Zur Vorbereitung gehört daher auch, sich nicht nur zu überlegen, was man wert ist, sondern auch, warum man mehr wert ist. Karrieretrainer Stieg empfiehlt: „Ich sollte mir Fragen überlegen, mit denen der Chef gefordert ist, mich in bestimmten Punkten zu bewerten.“ Schlüsselfähigkeiten, die für eine Gehaltserhöhung sprechen, sollte man direkt hinterfragen. Also zum Beispiel: „Wie zufrieden sind Sie mit meiner Selbstständigkeit? Wie zufrieden sind Sie mit meinem Arbeitseinsatz?“ –„Das bewirkt, dass der Chef genau die Qualitäten beurteilt, die für mich sprechen“, so Stieg.

Wer zu hoch pokert, verliert allerdings rasch. Entscheidend ist, dass es gelingt, die Gehaltsvorstellung konkret zu äußern. Daher ist es gut zu wissen, was üblicherweise für die Position bezahlt wird. Hier heißt es, Gehaltsstudien richtig einzusetzen. „Zu sagen, ich habe im trend gelesen, dass ein Mitarbeiter in meiner Position so und so viel verdient, reicht nicht“, sagt Stieg, „dann kommt nämlich sicher die Antwort: Aber in unserem Unternehmen ist es anders.“ Vergleichsdaten sollten daher nicht als Argument, sondern als gedanklicher Rahmen – wie realistisch ist die Forderung? – verwendet werden.
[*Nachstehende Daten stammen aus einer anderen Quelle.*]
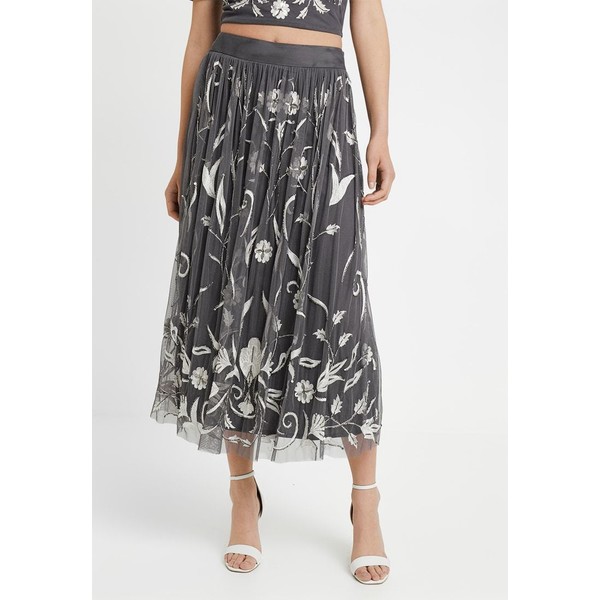 Lace & Beads Tall KNIGHTLY SKIRT Spódnica plisowana dark grey LAD21B002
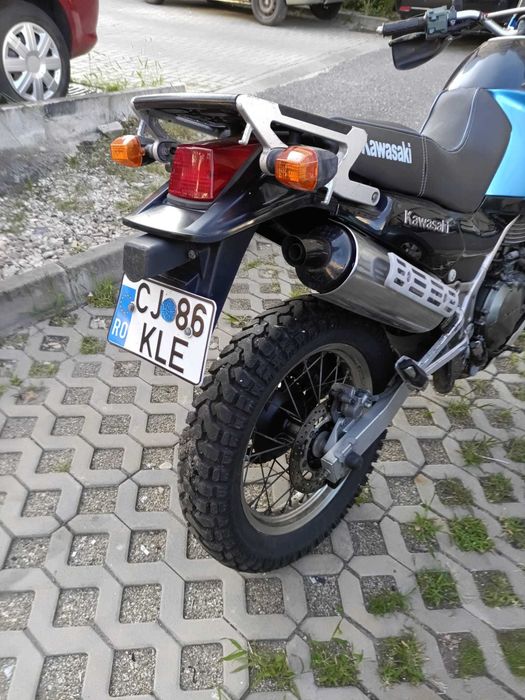 Vand motocicleta Kawasaki KLE 500, 2004, 35000km, stare foarte buna, vopsea originala, 2200 euro.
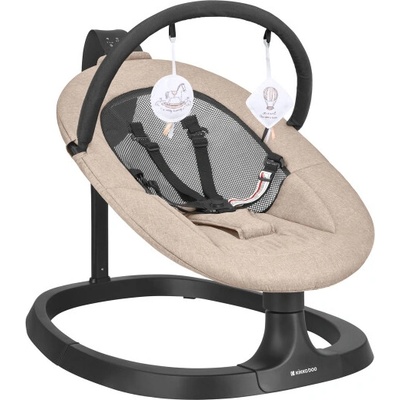 KikkaBoo Hojdacie lehátko elektrické Zazu Beige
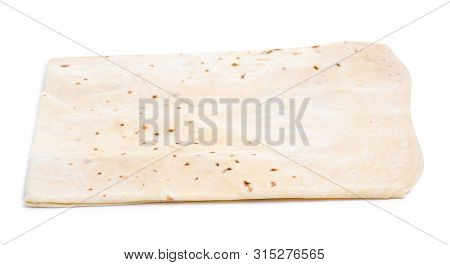 Armenian Lavash Food On White Background Isolation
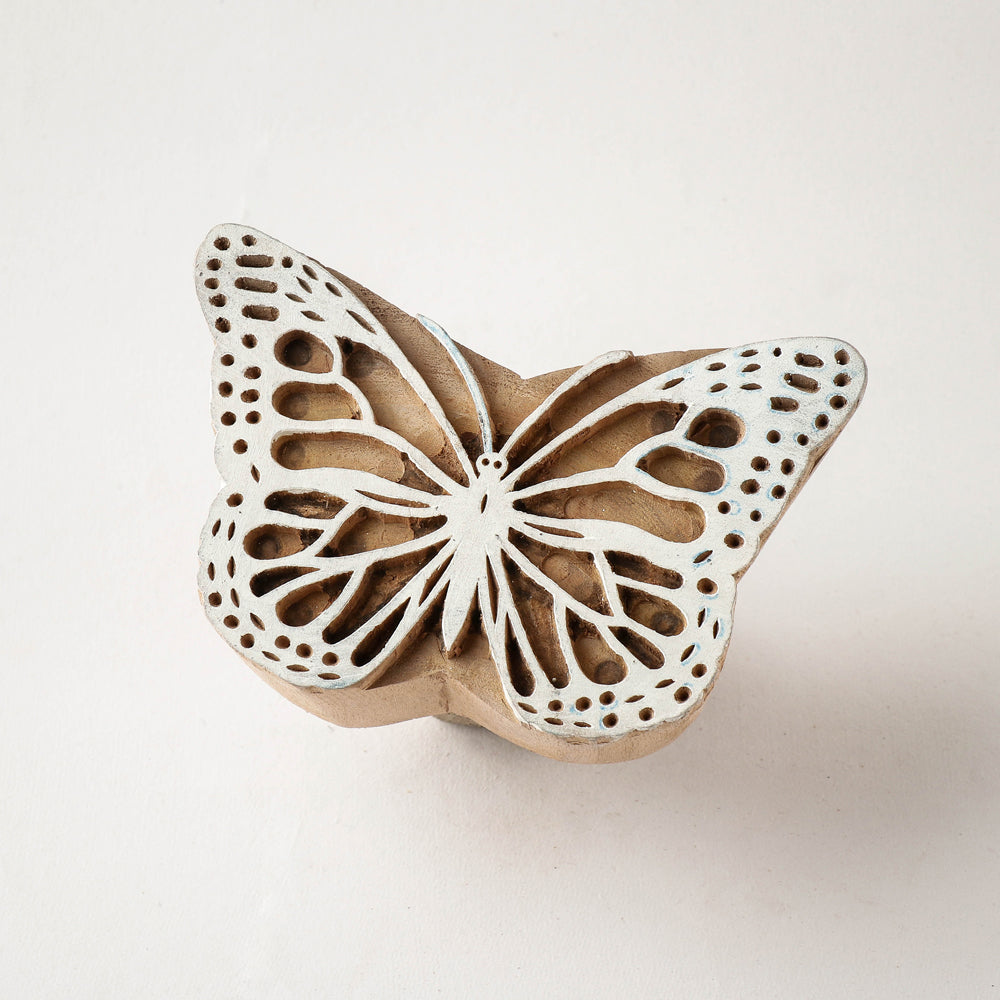 Butterfly Hand-carved Sheesham Wood Block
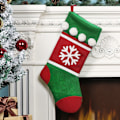 Miniatyrbild 6 av 7: 2 Styck Julstrumpor Julgran Snöstrumpor Presentpåse Juldekorationer Godispåse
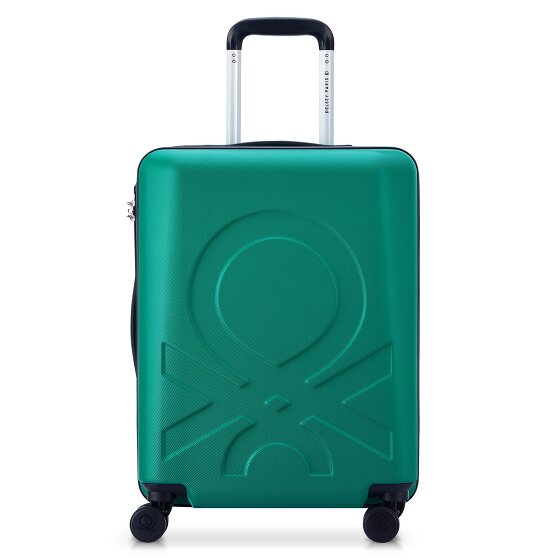 Delsey Paris x United Colors of Benetton Fabrica Carrello da cabina a 4 ruote 55 cm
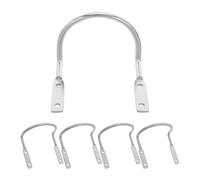 Toddmomy 5pcs Heavy Duty Metal Hammer Wall Hanger Hooks with Robust Support and Layered Storage, U Shaped and T Shaped Utility Hooks for Mallet and Pliers in Professional Spaces and Narrow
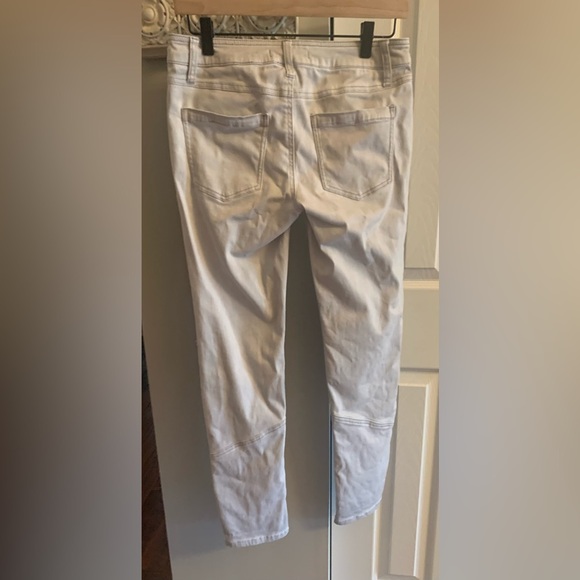 Free People Trousers Utility Gray Twill Pants - Size 2 - Picture 7 of 13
Regelmäßige Gespräche mit dem Vorgesetzten übers Geld gehören zu einem guten Arbeitsverhältnis. „Ich empfehle, von vornherein zu vereinbaren, wie oft eine Bewertung der Leistung und entsprechende Gehaltsanpassung stattfindet“, sagt Stieg. Wer länger als drei Jahre kein Plus auf seinem Lohnzettel verzeichnen konnte, sollte sich informieren, ob seine Vergütung noch marktgerecht ist. Doch nicht immer ist eine Gehaltserhöhung die effektivste Methode, um an mehr Geld zu kommen. „Irgendwann stoße ich beim Gehalt in meiner Position an eine gläserne Decke, über die ich kaum hinwegkomme“, sagt Vergütungsexperte Pramböck. Man sollte also nicht (nur) überlegen, wie man ein paar Prozent mehr verdienen kann, sondern wie man in eine Position hineinkommt, die besser bezahlt ist. Pramböck vergleicht das mit einem Festnetztelefon: „Ich kann mir überlegen, wie ich das Kabel noch um ein paar Zentimeter verlängern kann, damit ich entspannter telefonieren kann. Aber was ist besser, als ein fünf Meter langes Kabel zu haben? Gar kein Kabel zu haben!“ Wer seinen Lohnzettel also aufbessern will, sollte sich auf der Karriereleiter hocharbeiten – womöglich bis hin zum millionenschweren Vorstandsvorsitzenden.